▶ **PROMPT**
The records below hold a stretch from the line with "DCZ0229 Alabama License Plate" through the line with "Mystieke bosdier krijgerskunst"; return exactly those lines, ends included, and nothing more.

▶ **EXERCISE DATA**

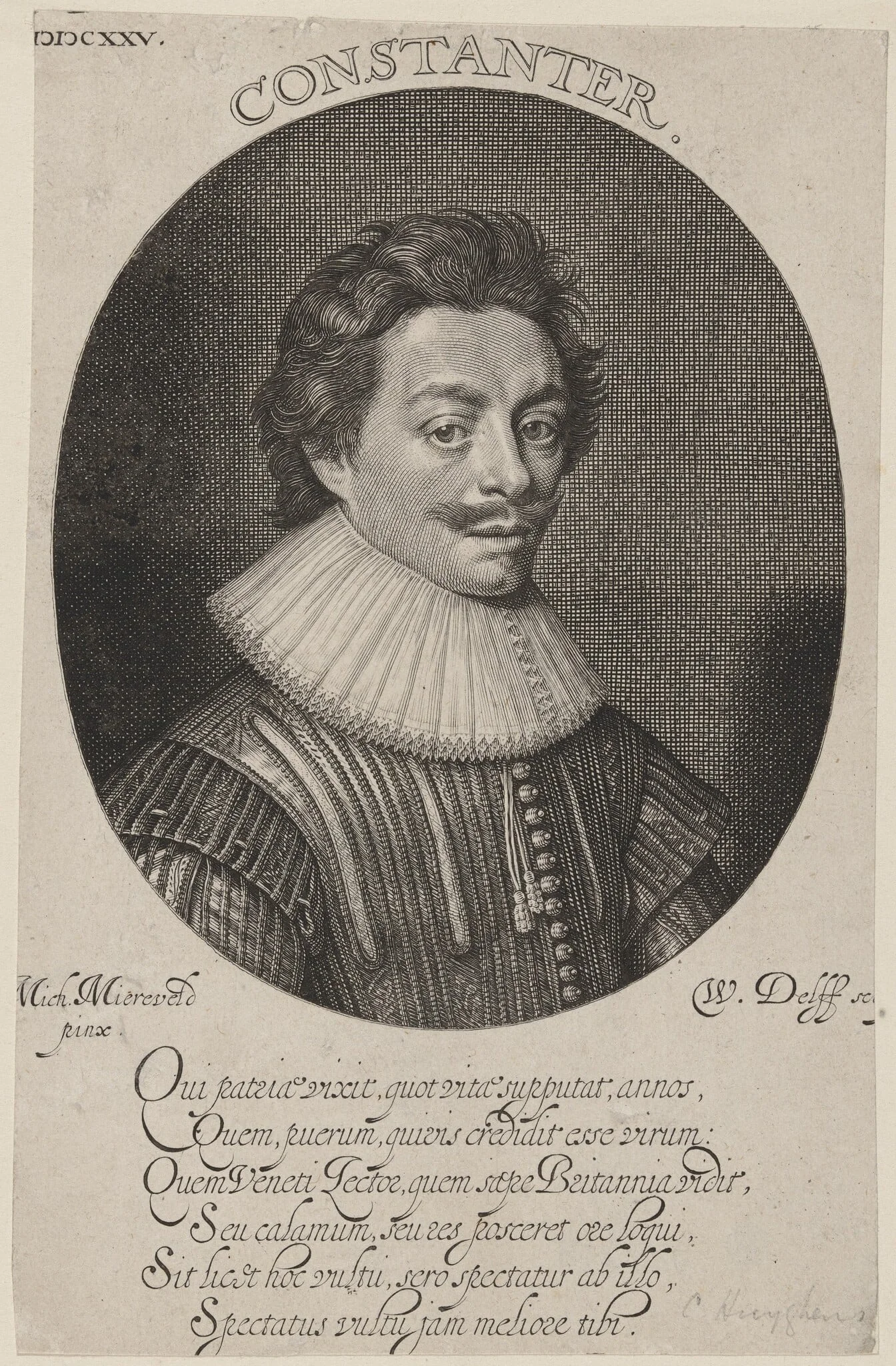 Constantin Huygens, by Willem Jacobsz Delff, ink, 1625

* * *

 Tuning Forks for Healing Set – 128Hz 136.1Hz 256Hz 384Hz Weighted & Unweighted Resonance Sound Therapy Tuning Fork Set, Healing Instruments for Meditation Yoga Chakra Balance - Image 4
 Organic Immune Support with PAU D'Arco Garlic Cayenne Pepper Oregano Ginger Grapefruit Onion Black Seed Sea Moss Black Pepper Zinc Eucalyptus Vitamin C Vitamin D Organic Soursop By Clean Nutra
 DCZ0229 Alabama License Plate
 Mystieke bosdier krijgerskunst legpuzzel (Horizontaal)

* * *

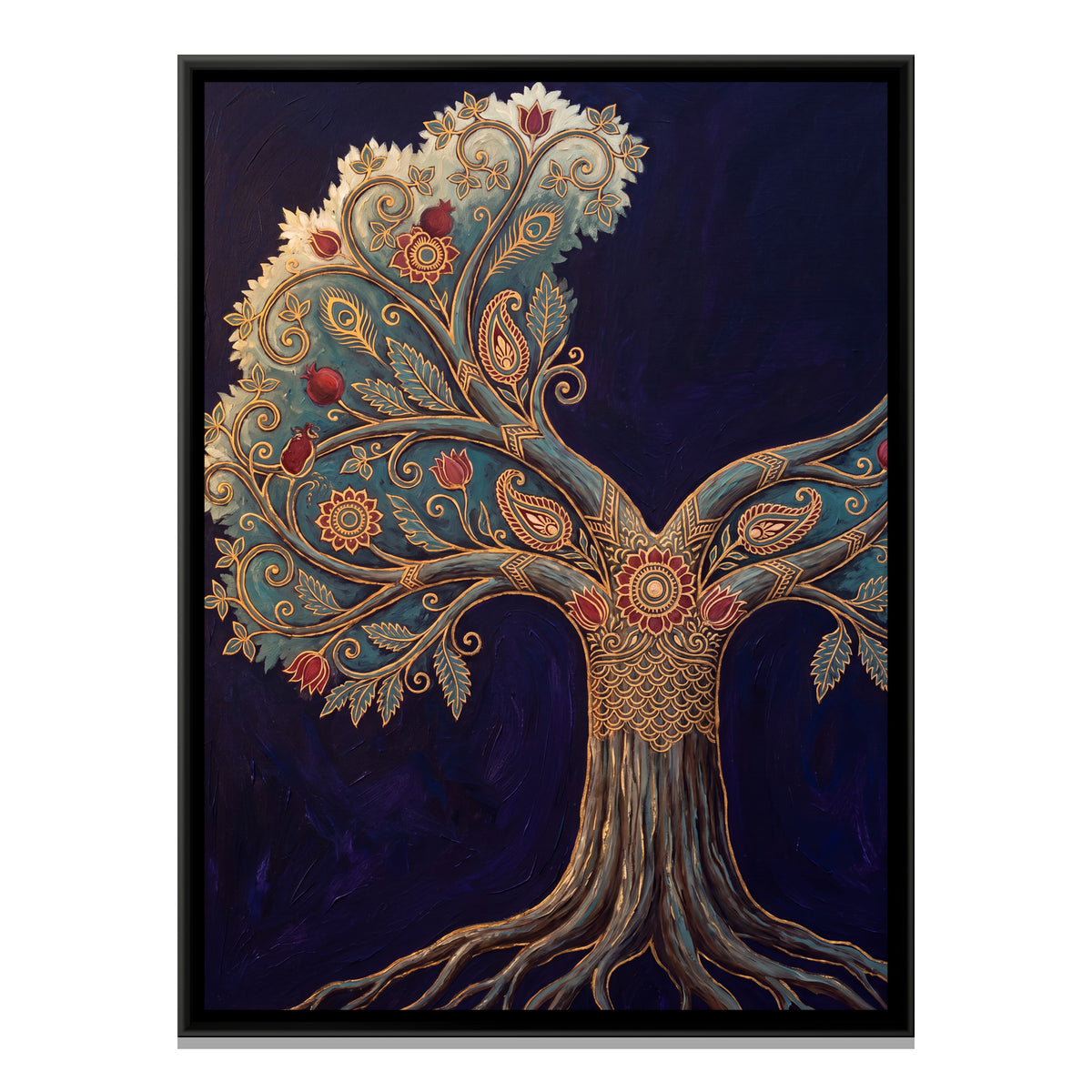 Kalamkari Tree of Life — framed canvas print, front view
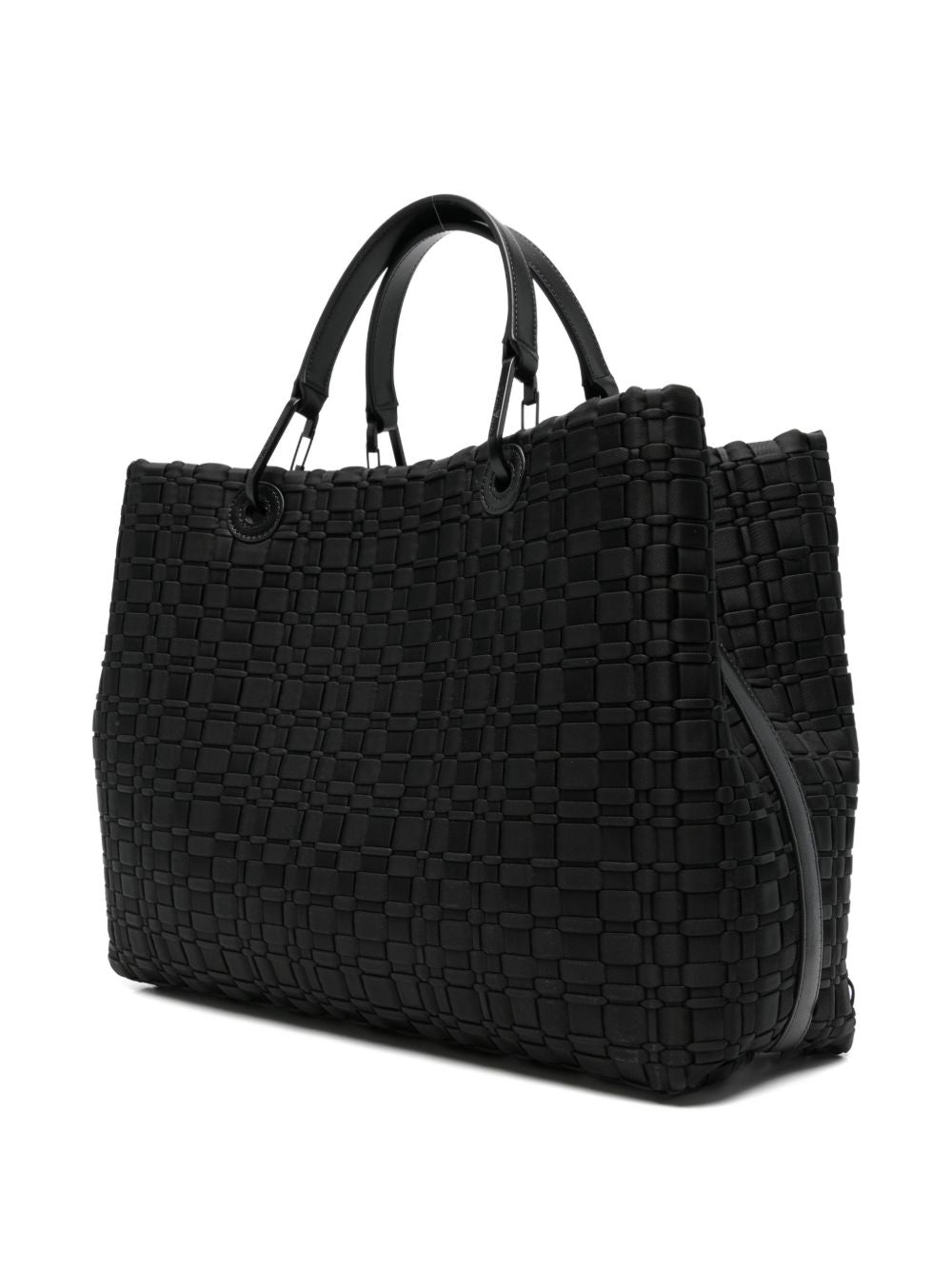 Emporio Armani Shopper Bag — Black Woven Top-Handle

▶ **SOLUTION FOR THIS TASK**
 DCZ0229 Alabama License Plate
 Mystieke bosdier krijgerskunst legpuzzel (Horizontaal)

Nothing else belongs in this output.